Of course, some military factions still support the Thaksin Shinawatra camp; but since these groups do not have any control over the military forces, they can never wrestle with the power of the trio. The three have a firm long-term relationship, which has never been shaken by anyone.
Gen Prayut has a great deal of respect for Gen Prawit, enough to make the former tempted to protect the latter even in the luxury-watch scandal when Gen Prawit faced escalating pressure from the public for him to resign.
Gen Prayut has allowed Gen Prawit to stay on in the cabinet. That’s no surprise given the two’s friendship stretches back more than 40 years ago when they spent time together at the 21st Infantry Regiment as young people, observers say.
The trio treats the Si Sao Thewet camp as important and also shares military power with other key power groups in the armed forces such as the Wongthewan group.
The firm relationship between Gen Prayut, Gen Prawit and Gen Anupong is a key element supporting the Prayut regime remaining in power and helps explain why this is the longest military-stalled government in Thailand’s history.
Still, the government has undergone as many as five cabinet reshuffles, which has never happened under previous coup governments.
Furthermore, the Prayut regime appears to have also won acceptance from the US. Proof includes US President Donald Trump inviting Gen Prayut to visit him at the White House last October, despite the fact Gen Prayut was a coup leader.

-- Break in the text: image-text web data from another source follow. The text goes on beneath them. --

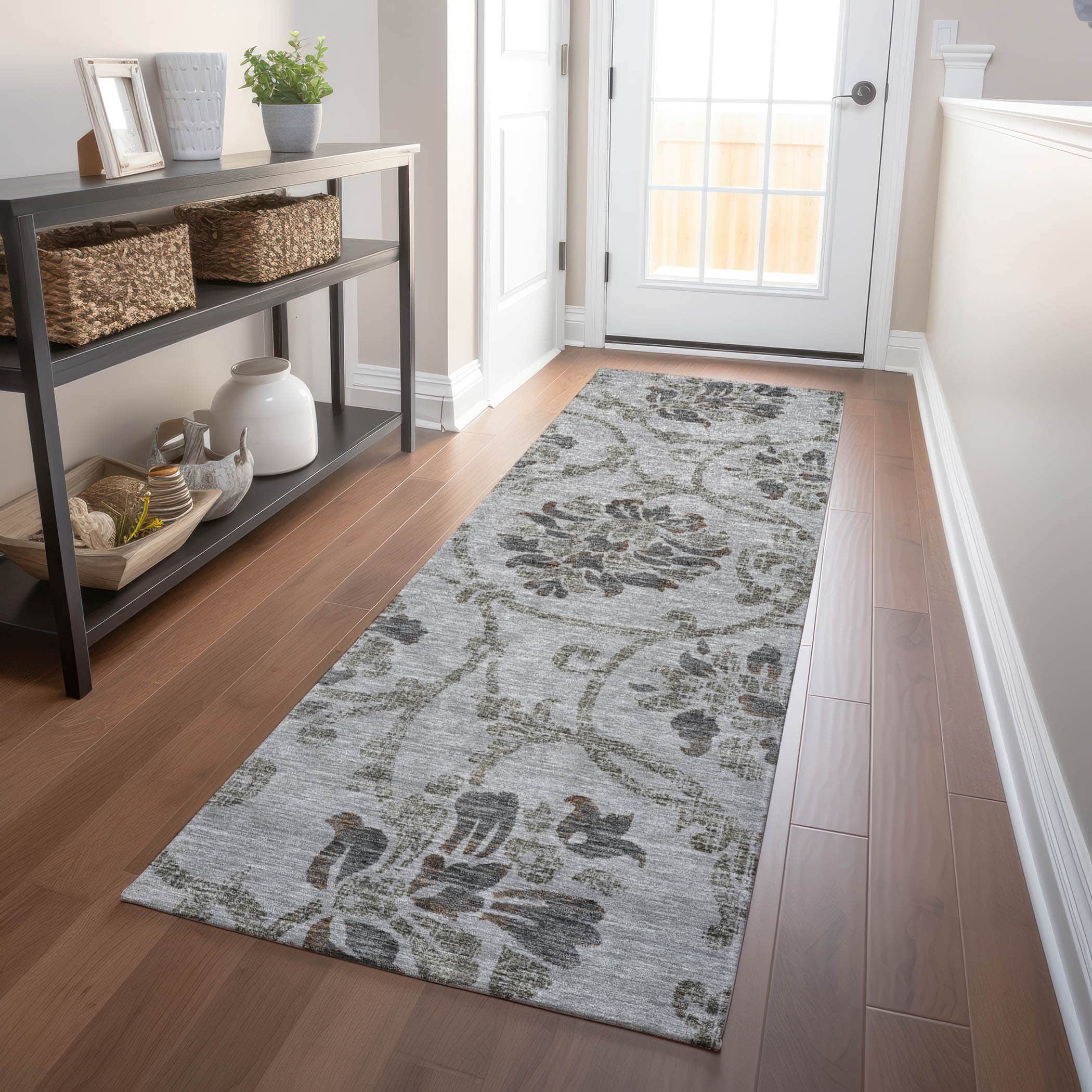 Kathmandu Machine Washable Traditional Gray Rug 2'3" x 7'6" #shape_Runner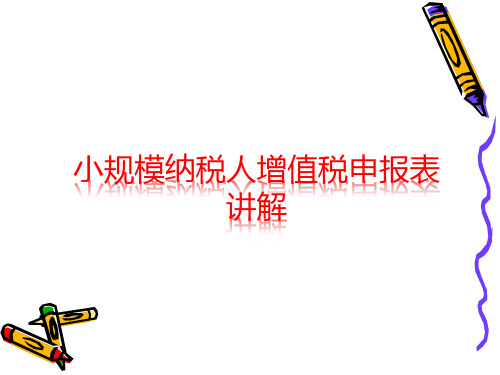 增值税小规模纳税人申报表讲解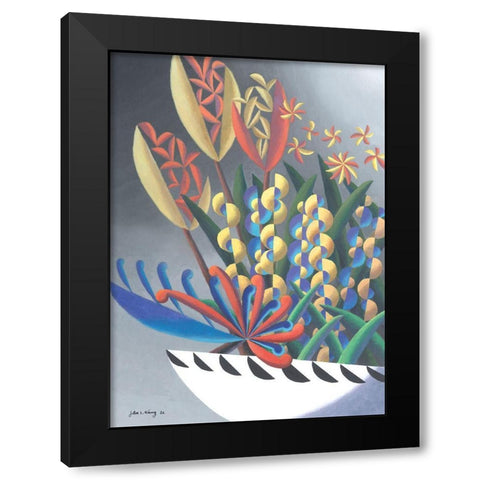 Dream Flowers III Black Modern Wood Framed Art Print by Wang, John Z.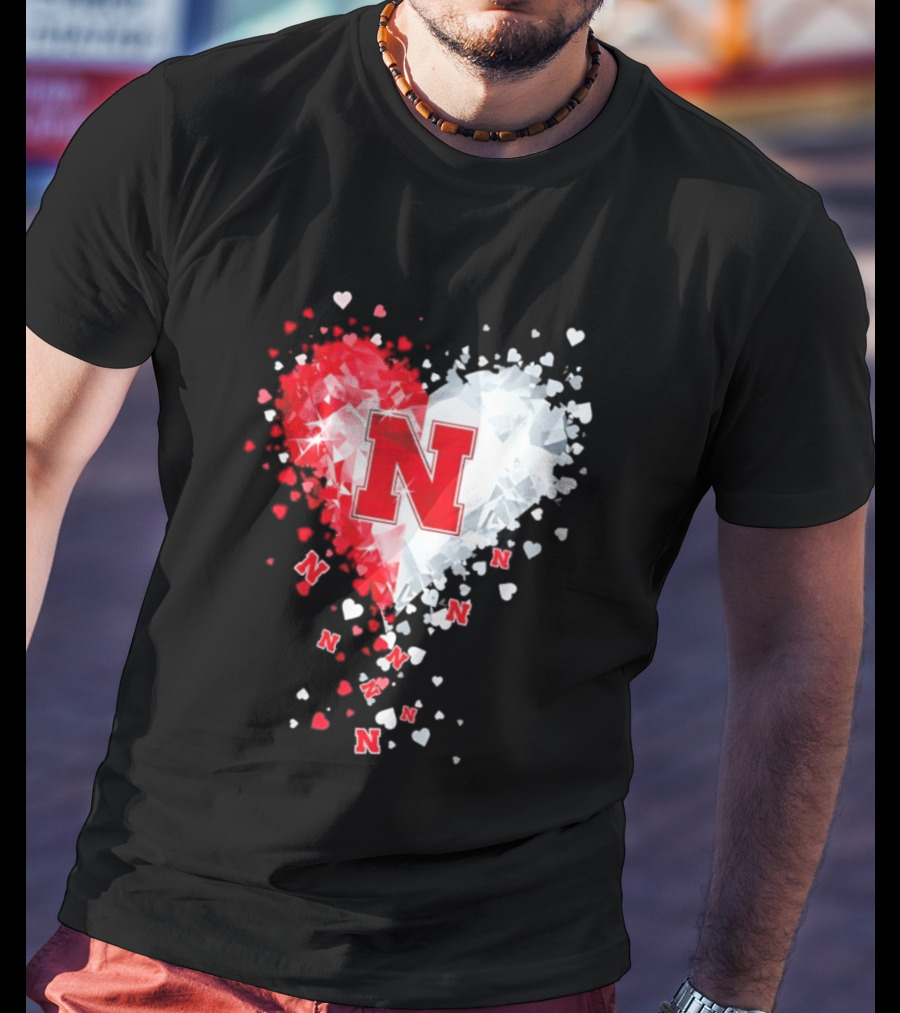 Nebraska Cornhuskers Heart Diamond Red N 2026 NCAA T-Shirt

More recently, the US Secretary of Defence invited Gen Prawit to the Pentagon on April 23-25. The government has been drawing closer to China, which may have spurred US interest in forming closer ties with Thailand.
The military regime has approved the navy purchasing a submarine and VN1 and VT4 armoured personnel carriers from China. It has also let China jointly invest in a project to build a factory producing weapons and small arms parts in Thailand.

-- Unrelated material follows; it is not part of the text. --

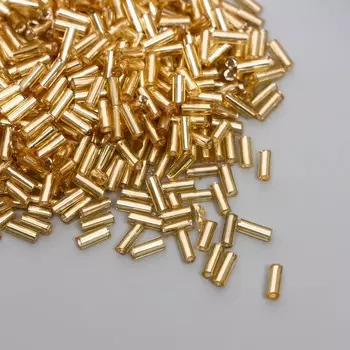 Стеклярус "Астра" 5 мм, 20 гр, золотистый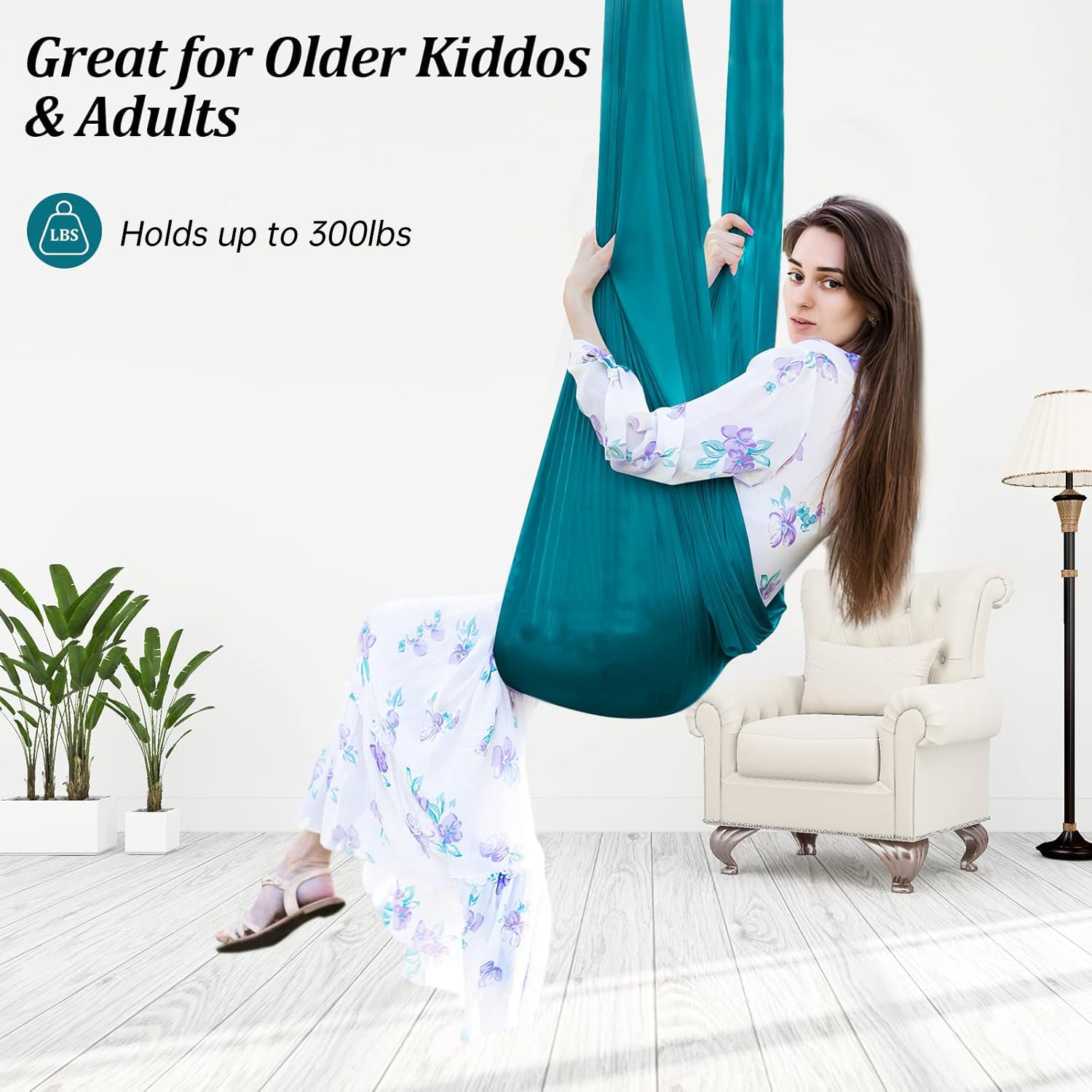 Aokitec Sensory Swing for Kids with Special Needs, Indoor Kids Swing Cuddle Hammock Chair Adjustable Aerial Swing for Children with Autism, ADHD, Asperger, Sensory Integration(Blue)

Gen Prayut says he is a politician who used to be a soldier and he is ready to woo votes, especially among young people, with his new Thai Niyom Yangyuen (sustainable Thai values) policy.
With all these sources of support, as well that of Privy Council president Prem Tinsulanonda, Gen Prayut has begun to move by encouraging the formation of several medium and smallsized parties such as the Phalang Pracharath headed by Col Suchat Chantharachotikul, a classmate from Class 12 of the Armed Forces Academies Preparatory School.
Deputy Prime Minister Somkid Jatusripitak has also begun contacting cabinet ministers in an associated movement to form a new party in the hope of supporting Gen Prayut to return as prime minister after the election.
With all these developments, Gen Prayut could end up as leader of one of these parties, or see them merged into one, and emerge as their candidate for prime minister, without having to be branded as an “outsider” prime minister.
Lobbying has begun to attract former MPs and important politicians into these parties. Several military officials close to Gen Prayut and Gen Prawit are rumoured to be behind this lobbying.
Following the government’s controversial appointment of Phalang Chon Party head Sonthaya Khunpluem, as an adviser to the prime minister and his younger brother Itthiphol an assistant to the new tourism and sports minister, all eyes are now on the Bhumjaithai Party and its de facto leader Newin Chidchob.
This has prompted Democrat Party leader Abhisit Vejjajiva to come out to accuse the NCPO of attempting to “suck” in politicians into its own political party, at the same time as introducing a new word to the political lexicon.
I am not a ventilator or vacuum cleaner. What sort of power can I use to force anyone to join?
PRAYUT CHAN-O-CHA, PREMIER
Gen Prayut responded by saying sucking in politicians is not something new in Thai politics and said in a metaphoric remark that he will suck in only “clean cats”.
“I am not a ventilator or vacuum cleaner. What sort of power can I use to force anyone to join?” he asked.
Time will tell if the lessons learnt from his predecessors help him survive and put to rest that old saying that soldiers aren’t suitable for politics due to their lack of political savvy.